Сувре отвечал, что это устроил сеньор Бюсси д’Анбоаз и что, по-видимому, герцог Алансонский счел за личную для себя обиду решение, принятое против маршалов, что он находится в Дрё и издал оттуда прокламацию, в которой объявляет, что соединяется со всеми недовольными, чтобы освободить Францию от правления фаворитов и вместе с Дамвилем отомстить за смерть Ла Моля и маршалов.
«Все погибло! – воскликнула королева-мать, – если ему не помешают привести в исполнение свое намерение». – «Это может сделать только один человек, и король разделяет мое мнение». – «Кто?» – спросила она. «Брат Дамвиля, друг герцога – маршал де Монморанси», – был ответ. Екатерина Медичи согласилась с этим мнением и сказала: «Когда герцог увидит, что маршал помилован, что он на свободе, когда он предложит ему от имени короля и другие уступки, может быть… – Но, не договорив фразы, она воскликнула: – О! Но что же мы здесь делаем?

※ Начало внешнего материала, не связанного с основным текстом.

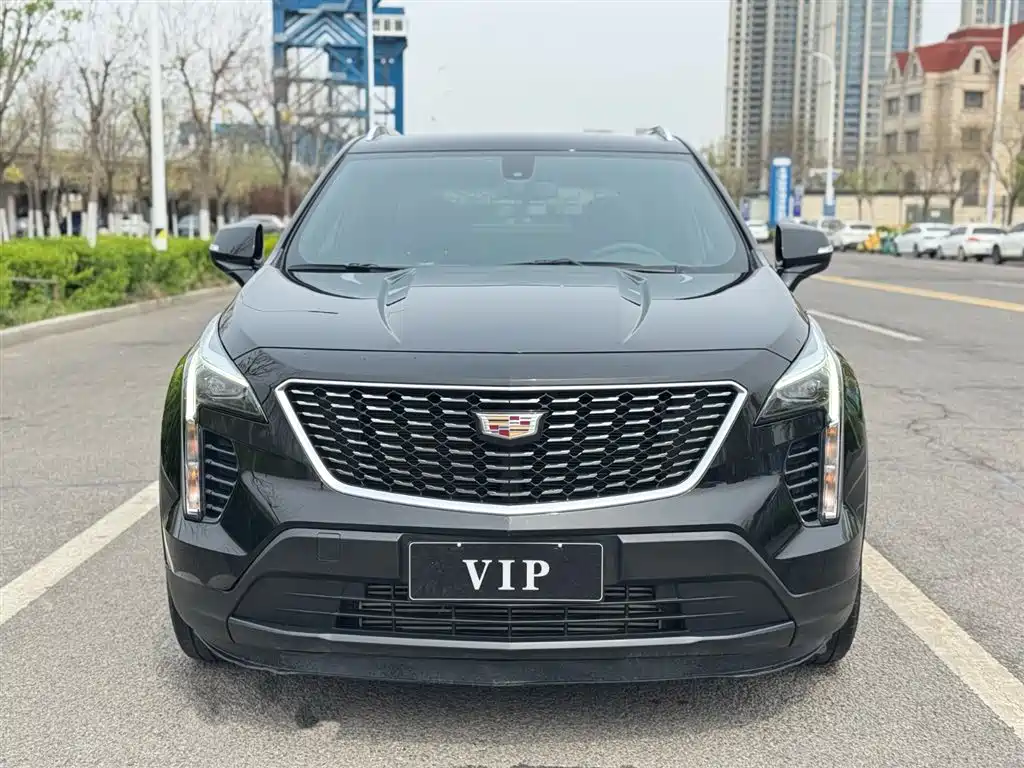 CADILLAC XT4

Мы рассуждаем, а в это время приказ короля приводится в исполнение, Дюгюаст и его люди уже… Бежим, бежим, Тестю, ведите нас, руководите нами, лишь бы прибыть вовремя».
Затем она, Сувре и Тестю поспешно направились к тюрьме маршалов. Между тем оба маршала отказались исповедоваться у священника, посланного Екатериной Медичи, и, не сомневаясь в уготованной им участи, решились храбро защищаться. Для этой цели они искали какой-нибудь предмет, чтобы, по крайней мере, дорого продать свою жизнь, а для того, чтобы иметь время отыскать такой предмет, они загородили дверь мебелью. Это и спасло их.

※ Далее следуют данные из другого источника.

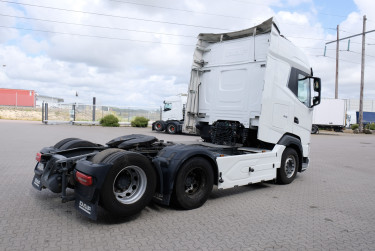 DAF XG530 6x2 boggi dragbil - med 49 987 mil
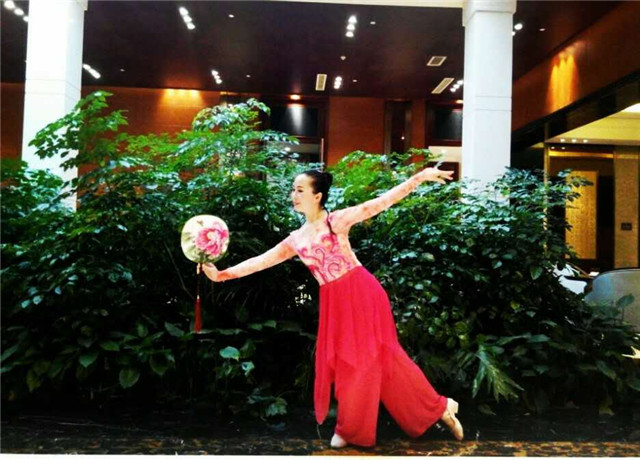 飞球公司陈启英在舞蹈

Когда Екатерина Медичи с Сувре и с губернатором прибыли на место, Дюгюаст и его люди старались выломать дверь тюрьмы.
Сувре первый бросился к ним и громовым голосом закричал: «Остановитесь!», но Екатерина Медичи, следовавшая за ним, дала противоположное приказание. «Продолжайте, выломите эту дверь, – сказала она. – Они не отворят, если узнают, что я здесь. Они не поверят, что Екатерина Медичи пришла освободить их». Между тем Монморанси и Коссе, не найдя ничего, что могло бы служить им оружием, и понимая, что в конце концов дверь все-таки будет выломана, решились, по примеру Колиньи, отворить дверь своим убийцам и отодвинуть мебель. Дверь тотчас же отворилась, и при свете факелов маршалы увидели Екатерину Медичи. Она грациозной поступью и с улыбкою на устах приблизилась к ним и сказала: «Полно вам, благородные мои кузены[15]. Вы заставляете меня осаждать вашу тюрьму, когда я пришла сюда, чтобы отворить ее двери и освободить вас, а свобода такая прелестная дама, которой такие любезные кавалеры, как вы, должны бы оказывать более внимания».